* Task to complete: I would like you to output every record below exactly, apart from the pictures.

[Stored items]
* * *

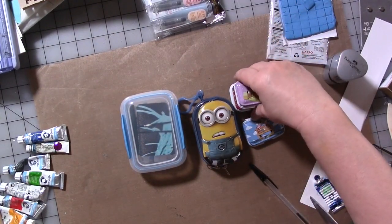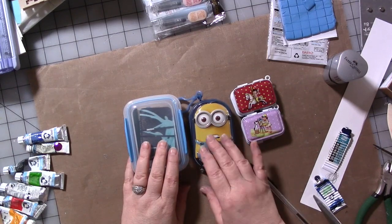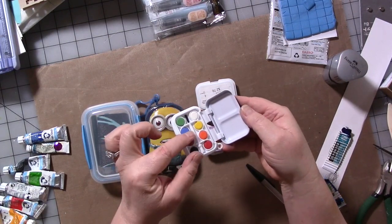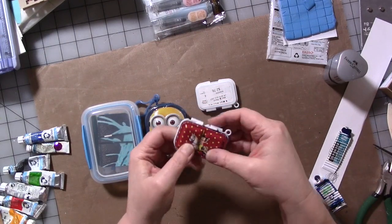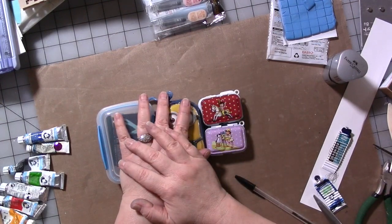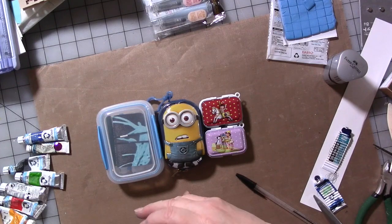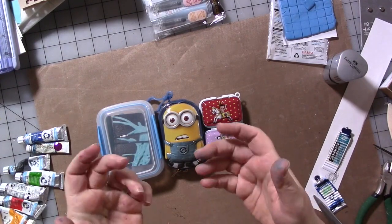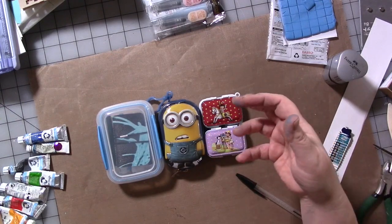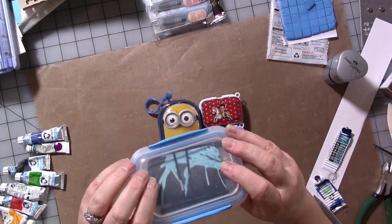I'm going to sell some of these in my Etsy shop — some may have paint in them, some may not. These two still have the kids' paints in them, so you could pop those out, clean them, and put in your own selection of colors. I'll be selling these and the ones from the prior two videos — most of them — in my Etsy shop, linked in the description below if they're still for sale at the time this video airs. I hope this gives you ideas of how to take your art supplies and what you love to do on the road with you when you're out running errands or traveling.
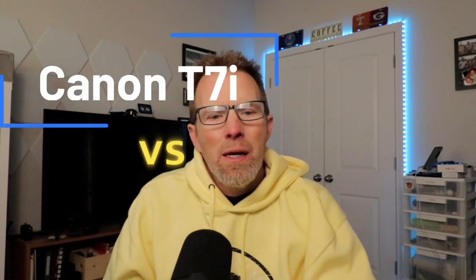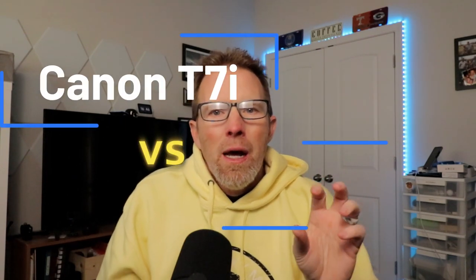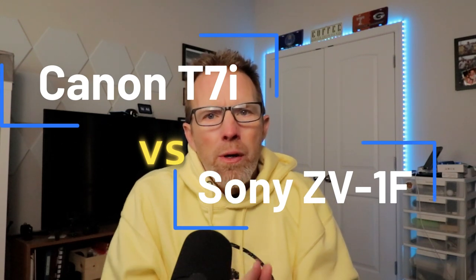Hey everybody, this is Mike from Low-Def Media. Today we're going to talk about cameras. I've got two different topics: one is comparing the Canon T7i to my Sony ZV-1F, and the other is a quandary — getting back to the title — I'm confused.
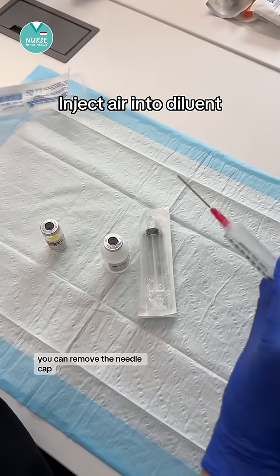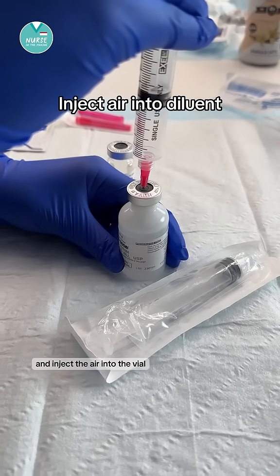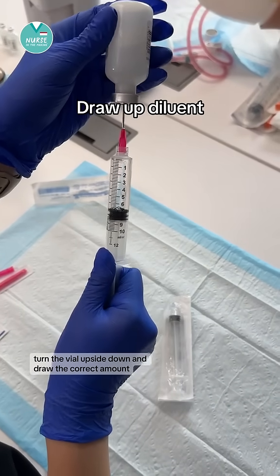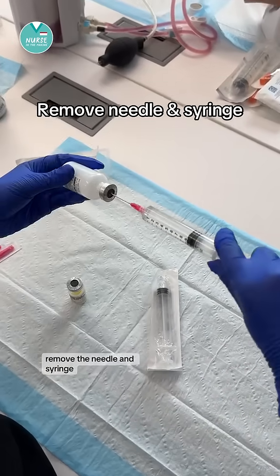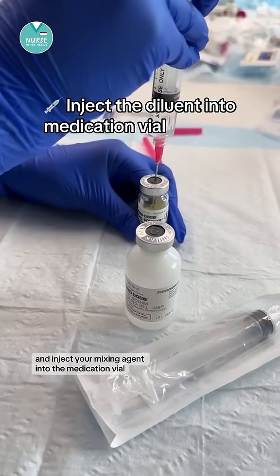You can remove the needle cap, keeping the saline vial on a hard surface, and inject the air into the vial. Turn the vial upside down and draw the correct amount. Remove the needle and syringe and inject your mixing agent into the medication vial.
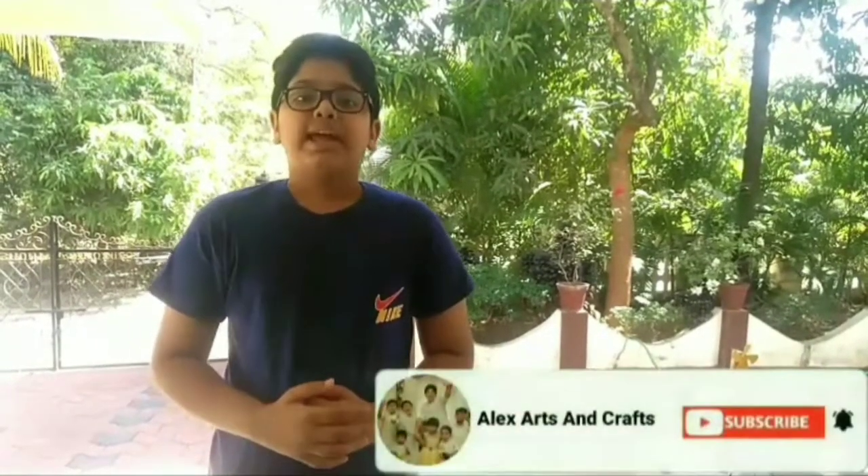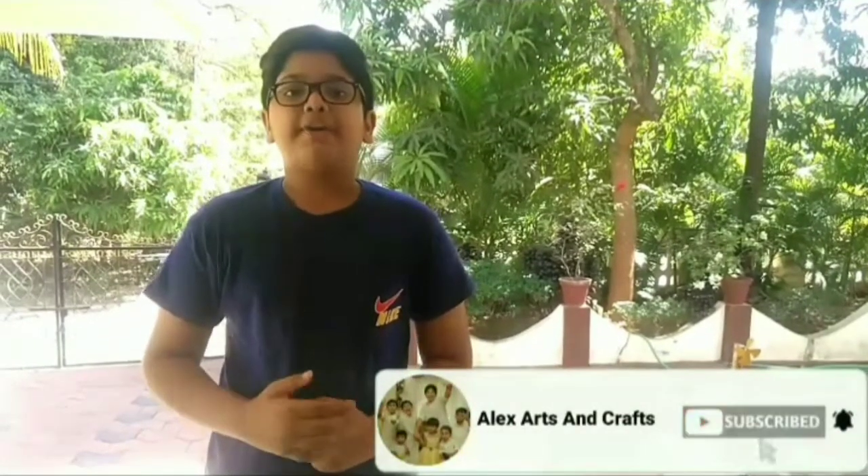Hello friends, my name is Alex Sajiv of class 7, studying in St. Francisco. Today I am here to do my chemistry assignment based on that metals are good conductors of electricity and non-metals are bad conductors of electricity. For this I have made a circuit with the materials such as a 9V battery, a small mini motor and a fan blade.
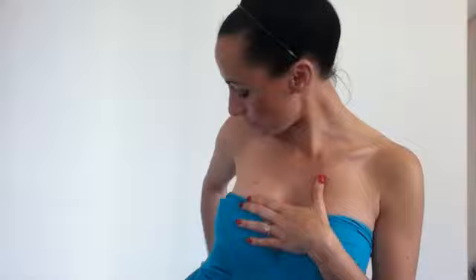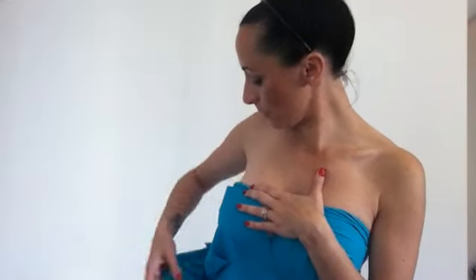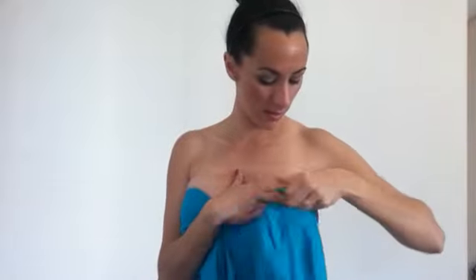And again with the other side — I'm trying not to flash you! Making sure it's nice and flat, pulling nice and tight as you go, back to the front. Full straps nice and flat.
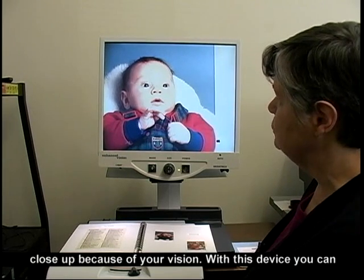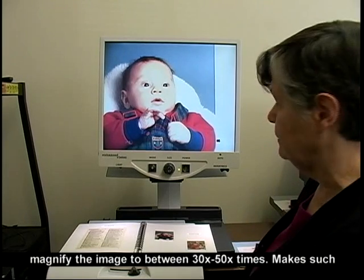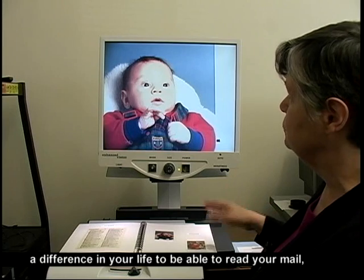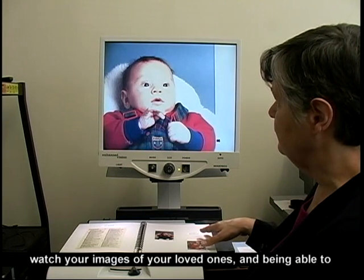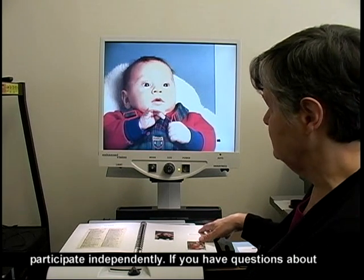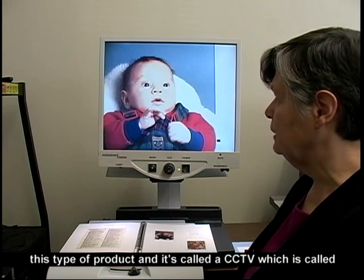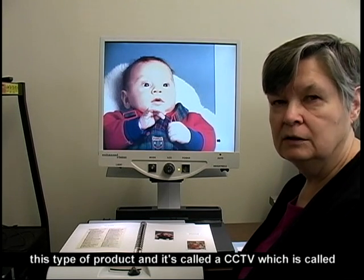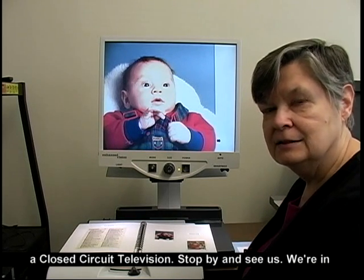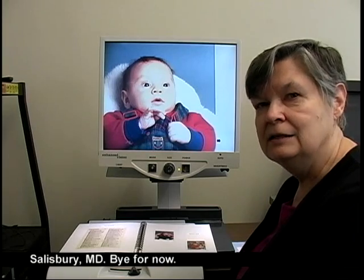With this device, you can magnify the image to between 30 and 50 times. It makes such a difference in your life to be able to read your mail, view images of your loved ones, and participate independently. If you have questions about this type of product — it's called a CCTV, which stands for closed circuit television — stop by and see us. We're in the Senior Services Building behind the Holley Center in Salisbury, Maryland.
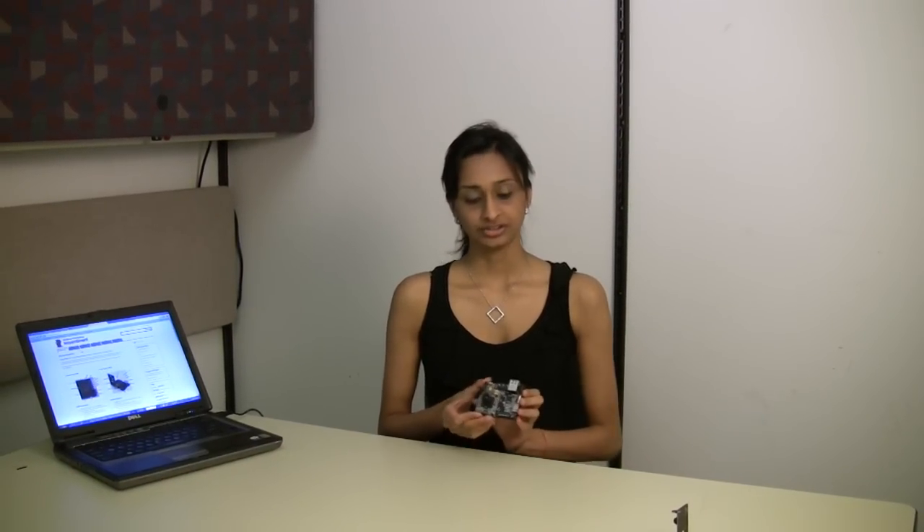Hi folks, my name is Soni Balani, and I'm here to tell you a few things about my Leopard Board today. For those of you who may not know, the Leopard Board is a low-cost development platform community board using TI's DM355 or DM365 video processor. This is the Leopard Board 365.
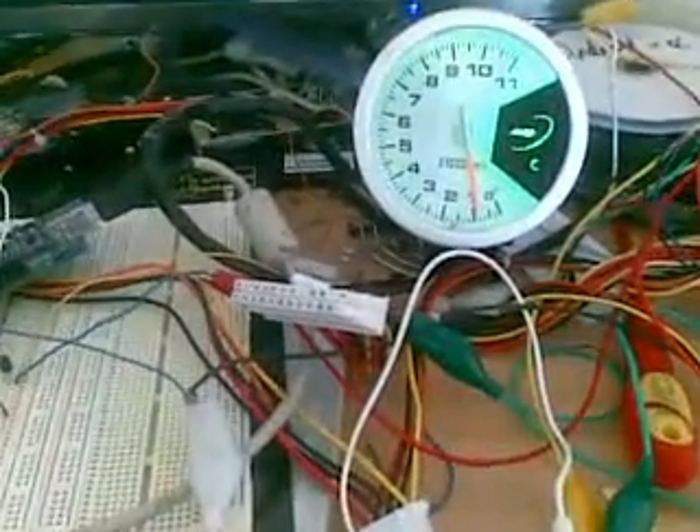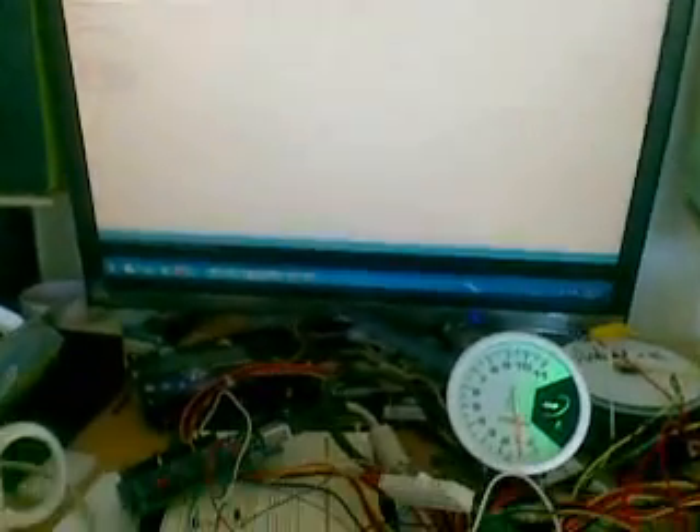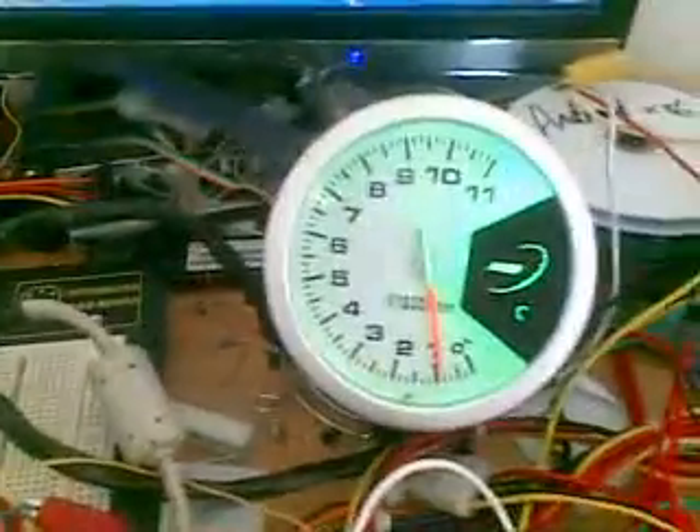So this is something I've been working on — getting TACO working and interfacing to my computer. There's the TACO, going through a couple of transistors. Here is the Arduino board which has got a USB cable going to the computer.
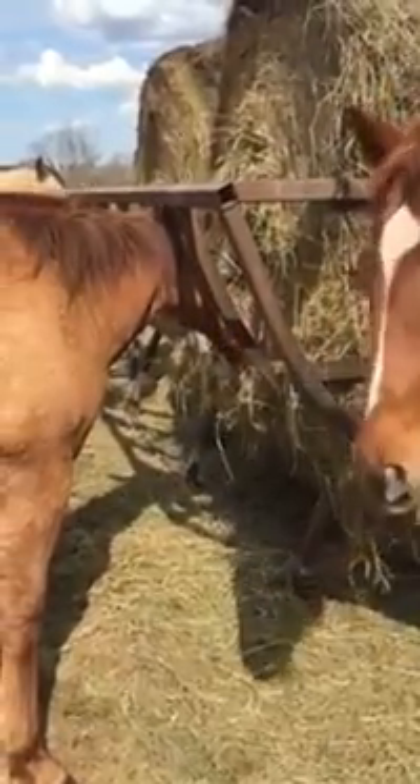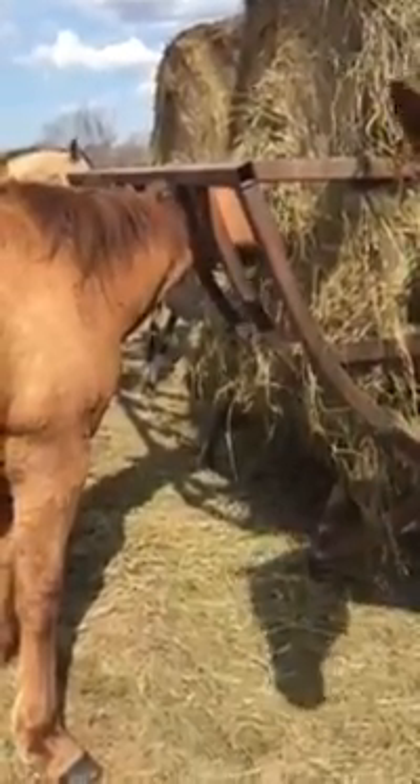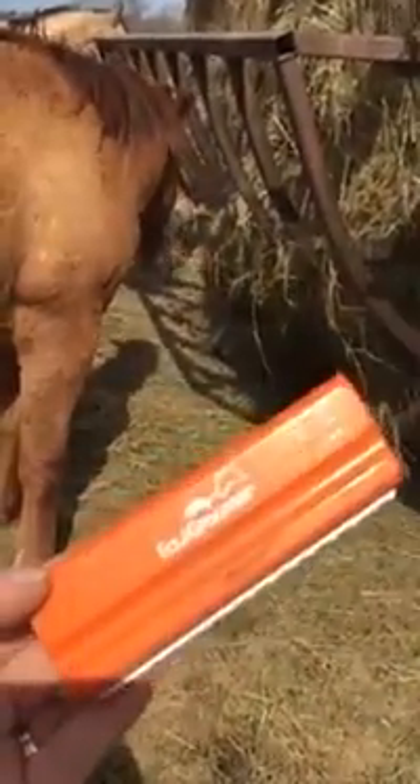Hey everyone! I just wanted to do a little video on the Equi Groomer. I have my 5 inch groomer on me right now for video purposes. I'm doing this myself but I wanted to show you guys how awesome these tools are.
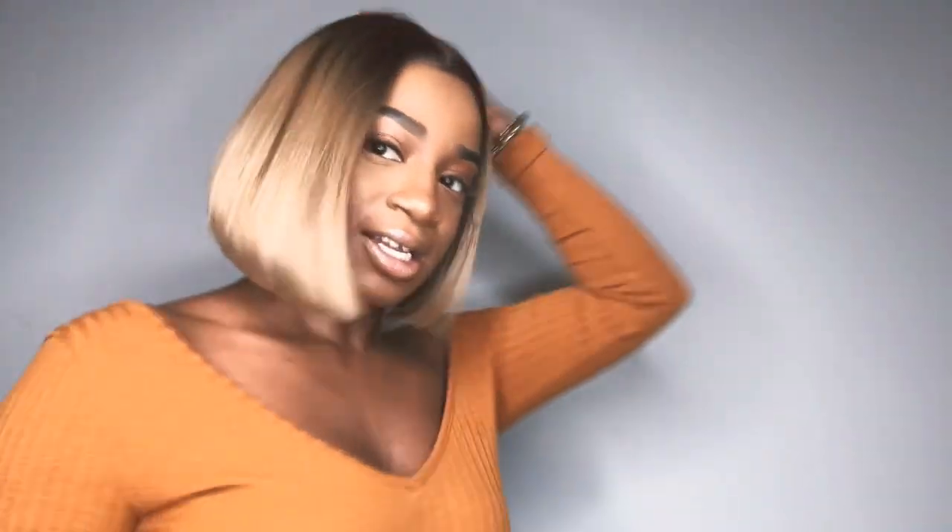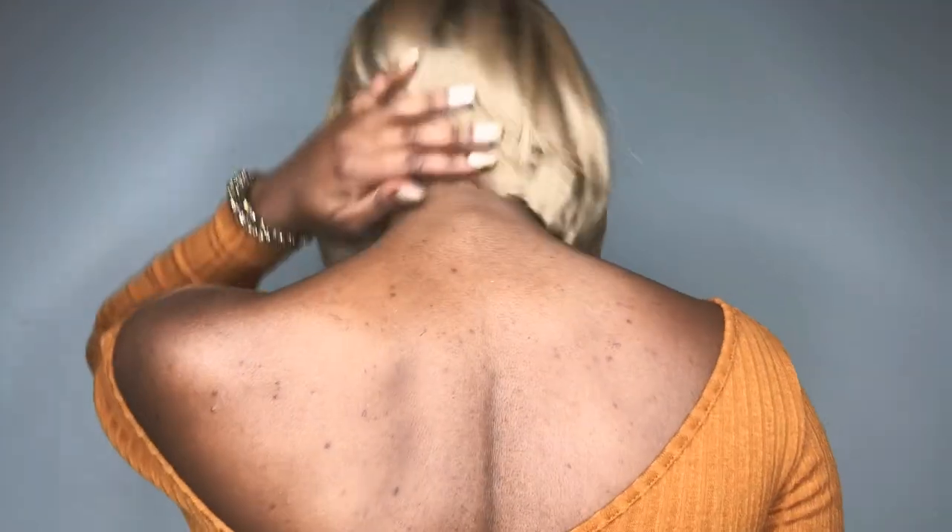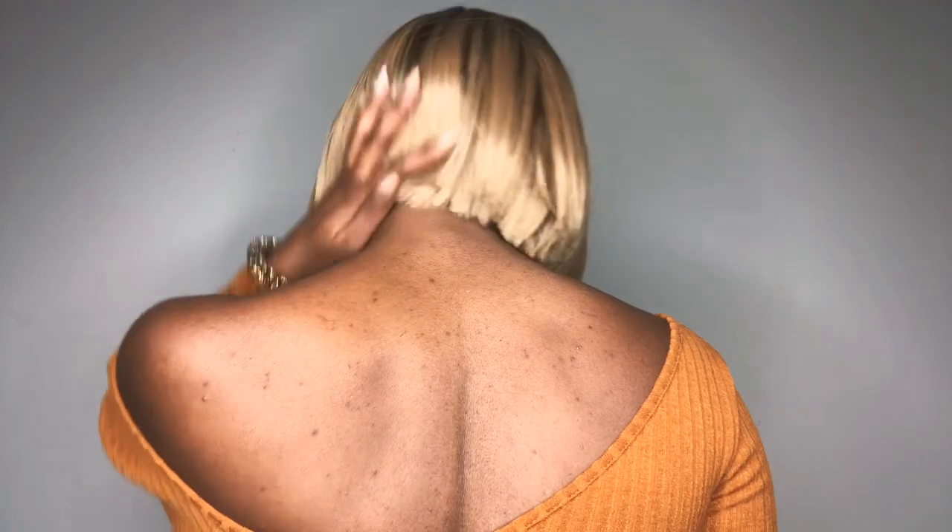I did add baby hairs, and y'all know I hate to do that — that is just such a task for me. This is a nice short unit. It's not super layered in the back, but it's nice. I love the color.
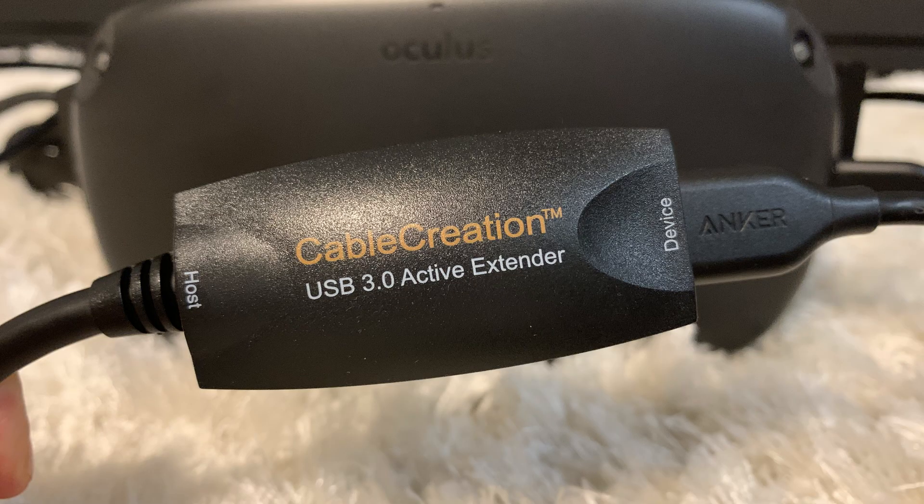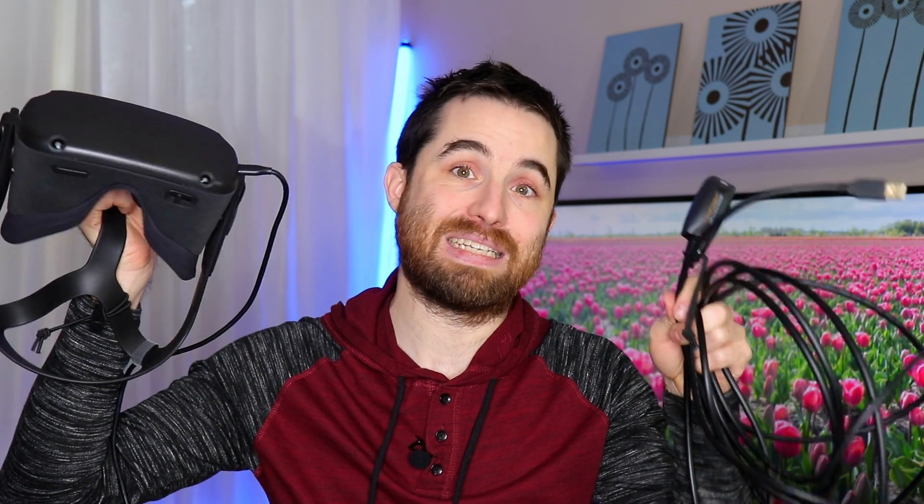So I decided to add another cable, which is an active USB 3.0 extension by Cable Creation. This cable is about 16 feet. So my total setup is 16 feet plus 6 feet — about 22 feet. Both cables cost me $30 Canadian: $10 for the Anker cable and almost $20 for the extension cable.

* * *

* Response below:
I'm going to sell some of these in my Etsy shop — some may have paint in them, some may not. These two still have the kids' paints in them, so you could pop those out, clean them, and put in your own selection of colors. I'll be selling these and the ones from the prior two videos — most of them — in my Etsy shop, linked in the description below if they're still for sale at the time this video airs. I hope this gives you ideas of how to take your art supplies and what you love to do on the road with you when you're out running errands or traveling.
Hey everybody, this is Mike from Low-Def Media. Today we're going to talk about cameras. I've got two different topics: one is comparing the Canon T7i to my Sony ZV-1F, and the other is a quandary — getting back to the title — I'm confused.
You can remove the needle cap, keeping the saline vial on a hard surface, and inject the air into the vial. Turn the vial upside down and draw the correct amount. Remove the needle and syringe and inject your mixing agent into the medication vial.
Hello friends, my name is Alex Sajiv of class 7, studying in St. Francisco. Today I am here to do my chemistry assignment based on that metals are good conductors of electricity and non-metals are bad conductors of electricity. For this I have made a circuit with the materials such as a 9V battery, a small mini motor and a fan blade.
And again with the other side — I'm trying not to flash you! Making sure it's nice and flat, pulling nice and tight as you go, back to the front. Full straps nice and flat.
With this device, you can magnify the image to between 30 and 50 times. It makes such a difference in your life to be able to read your mail, view images of your loved ones, and participate independently. If you have questions about this type of product — it's called a CCTV, which stands for closed circuit television — stop by and see us. We're in the Senior Services Building behind the Holley Center in Salisbury, Maryland.
Hi folks, my name is Soni Balani, and I'm here to tell you a few things about my Leopard Board today. For those of you who may not know, the Leopard Board is a low-cost development platform community board using TI's DM355 or DM365 video processor. This is the Leopard Board 365.
So this is something I've been working on — getting TACO working and interfacing to my computer. There's the TACO, going through a couple of transistors. Here is the Arduino board which has got a USB cable going to the computer.
Hey everyone! I just wanted to do a little video on the Equi Groomer. I have my 5 inch groomer on me right now for video purposes. I'm doing this myself but I wanted to show you guys how awesome these tools are.
I did add baby hairs, and y'all know I hate to do that — that is just such a task for me. This is a nice short unit. It's not super layered in the back, but it's nice. I love the color.
So I decided to add another cable, which is an active USB 3.0 extension by Cable Creation. This cable is about 16 feet. So my total setup is 16 feet plus 6 feet — about 22 feet. Both cables cost me $30 Canadian: $10 for the Anker cable and almost $20 for the extension cable.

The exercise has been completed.